Your goal
Copy, word for word, the lines of the entries below between the one with "Eduard Hotel Uzjhorod Exteriör bild" and the one with "Doktor ve hasta", inclusive, and leave out everything else.

Data extract

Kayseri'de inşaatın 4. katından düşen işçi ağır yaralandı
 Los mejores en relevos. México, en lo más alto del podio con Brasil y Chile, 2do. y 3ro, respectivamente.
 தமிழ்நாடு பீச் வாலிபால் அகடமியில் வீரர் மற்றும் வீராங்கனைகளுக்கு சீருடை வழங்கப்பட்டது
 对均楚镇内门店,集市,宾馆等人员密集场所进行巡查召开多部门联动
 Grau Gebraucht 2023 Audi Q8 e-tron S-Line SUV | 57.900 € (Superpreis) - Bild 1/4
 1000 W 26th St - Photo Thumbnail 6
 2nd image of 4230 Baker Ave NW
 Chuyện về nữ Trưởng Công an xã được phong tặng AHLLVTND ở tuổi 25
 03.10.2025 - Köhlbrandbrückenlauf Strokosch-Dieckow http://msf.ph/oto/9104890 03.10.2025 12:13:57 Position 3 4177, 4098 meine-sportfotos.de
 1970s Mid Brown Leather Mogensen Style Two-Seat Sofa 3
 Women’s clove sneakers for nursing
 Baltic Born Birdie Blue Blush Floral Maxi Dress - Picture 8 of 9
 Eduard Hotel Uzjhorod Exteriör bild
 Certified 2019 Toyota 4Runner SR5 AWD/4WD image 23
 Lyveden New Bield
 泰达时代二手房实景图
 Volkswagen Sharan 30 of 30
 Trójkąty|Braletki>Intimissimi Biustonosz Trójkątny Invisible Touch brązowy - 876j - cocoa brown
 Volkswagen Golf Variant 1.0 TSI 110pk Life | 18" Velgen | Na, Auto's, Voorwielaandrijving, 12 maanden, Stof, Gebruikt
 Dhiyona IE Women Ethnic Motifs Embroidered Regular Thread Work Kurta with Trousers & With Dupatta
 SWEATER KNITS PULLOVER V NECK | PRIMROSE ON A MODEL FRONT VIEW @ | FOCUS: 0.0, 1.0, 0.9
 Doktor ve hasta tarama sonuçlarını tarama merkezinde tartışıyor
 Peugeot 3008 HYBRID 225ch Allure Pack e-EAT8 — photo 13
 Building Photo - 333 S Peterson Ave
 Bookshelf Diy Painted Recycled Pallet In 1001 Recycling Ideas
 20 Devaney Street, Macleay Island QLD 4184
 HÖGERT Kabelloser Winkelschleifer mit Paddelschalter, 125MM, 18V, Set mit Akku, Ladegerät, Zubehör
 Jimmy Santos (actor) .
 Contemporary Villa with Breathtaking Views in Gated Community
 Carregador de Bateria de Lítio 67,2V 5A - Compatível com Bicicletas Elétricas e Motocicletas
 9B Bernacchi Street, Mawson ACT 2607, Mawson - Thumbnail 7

Result
 Eduard Hotel Uzjhorod Exteriör bild
 Certified 2019 Toyota 4Runner SR5 AWD/4WD image 23
 Lyveden New Bield
 泰达时代二手房实景图
 Volkswagen Sharan 30 of 30
 Trójkąty|Braletki>Intimissimi Biustonosz Trójkątny Invisible Touch brązowy - 876j - cocoa brown
 Volkswagen Golf Variant 1.0 TSI 110pk Life | 18" Velgen | Na, Auto's, Voorwielaandrijving, 12 maanden, Stof, Gebruikt
 Dhiyona IE Women Ethnic Motifs Embroidered Regular Thread Work Kurta with Trousers & With Dupatta
 SWEATER KNITS PULLOVER V NECK | PRIMROSE ON A MODEL FRONT VIEW @ | FOCUS: 0.0, 1.0, 0.9
 Doktor ve hasta tarama sonuçlarını tarama merkezinde tartışıyor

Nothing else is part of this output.